Short web captions:
☆ ☆ ☆

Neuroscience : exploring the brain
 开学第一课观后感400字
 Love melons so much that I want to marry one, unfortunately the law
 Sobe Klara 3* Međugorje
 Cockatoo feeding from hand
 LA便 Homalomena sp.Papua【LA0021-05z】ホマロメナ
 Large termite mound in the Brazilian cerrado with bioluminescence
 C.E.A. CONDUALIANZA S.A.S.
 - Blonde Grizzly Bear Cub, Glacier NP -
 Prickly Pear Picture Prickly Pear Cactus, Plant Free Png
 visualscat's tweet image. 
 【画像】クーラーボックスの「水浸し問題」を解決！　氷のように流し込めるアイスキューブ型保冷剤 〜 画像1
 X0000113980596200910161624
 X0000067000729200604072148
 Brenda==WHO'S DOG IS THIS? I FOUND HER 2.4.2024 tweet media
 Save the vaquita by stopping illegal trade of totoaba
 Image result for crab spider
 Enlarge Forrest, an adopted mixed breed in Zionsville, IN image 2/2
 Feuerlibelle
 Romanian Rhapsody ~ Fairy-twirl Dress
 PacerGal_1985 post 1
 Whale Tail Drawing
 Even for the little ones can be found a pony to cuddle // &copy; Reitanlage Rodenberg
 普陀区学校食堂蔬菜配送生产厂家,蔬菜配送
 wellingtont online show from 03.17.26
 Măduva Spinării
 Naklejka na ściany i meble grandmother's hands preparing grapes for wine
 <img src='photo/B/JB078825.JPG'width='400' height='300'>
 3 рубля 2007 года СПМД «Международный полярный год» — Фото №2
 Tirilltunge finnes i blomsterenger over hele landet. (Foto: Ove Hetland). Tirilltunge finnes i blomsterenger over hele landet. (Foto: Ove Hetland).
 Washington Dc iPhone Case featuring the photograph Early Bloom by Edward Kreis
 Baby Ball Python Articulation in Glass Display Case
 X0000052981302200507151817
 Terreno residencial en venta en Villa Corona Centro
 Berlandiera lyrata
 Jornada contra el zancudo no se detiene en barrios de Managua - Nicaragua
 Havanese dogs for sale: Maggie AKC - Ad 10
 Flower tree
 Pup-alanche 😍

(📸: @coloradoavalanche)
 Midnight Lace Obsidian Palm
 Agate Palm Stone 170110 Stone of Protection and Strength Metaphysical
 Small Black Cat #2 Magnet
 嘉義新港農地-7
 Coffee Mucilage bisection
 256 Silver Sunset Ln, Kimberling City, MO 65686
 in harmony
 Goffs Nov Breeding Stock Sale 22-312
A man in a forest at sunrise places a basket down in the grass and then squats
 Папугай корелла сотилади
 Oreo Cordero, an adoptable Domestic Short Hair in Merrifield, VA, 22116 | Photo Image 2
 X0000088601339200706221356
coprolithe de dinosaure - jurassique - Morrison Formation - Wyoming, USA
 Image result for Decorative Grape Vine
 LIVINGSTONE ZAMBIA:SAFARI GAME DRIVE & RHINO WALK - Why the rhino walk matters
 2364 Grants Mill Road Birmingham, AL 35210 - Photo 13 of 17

☆ ☆ ☆

What is needed is an exact copy of the lines above, from the one containing "Romanian Rhapsody ~ Fairy-twirl Dress" through the one containing "3 рубля 2007", with nothing added.

 Romanian Rhapsody ~ Fairy-twirl Dress
 PacerGal_1985 post 1
 Whale Tail Drawing
 Even for the little ones can be found a pony to cuddle // &copy; Reitanlage Rodenberg
 普陀区学校食堂蔬菜配送生产厂家,蔬菜配送
 wellingtont online show from 03.17.26
 Măduva Spinării
 Naklejka na ściany i meble grandmother's hands preparing grapes for wine
 <img src='photo/B/JB078825.JPG'width='400' height='300'>
 3 рубля 2007 года СПМД «Международный полярный год» — Фото №2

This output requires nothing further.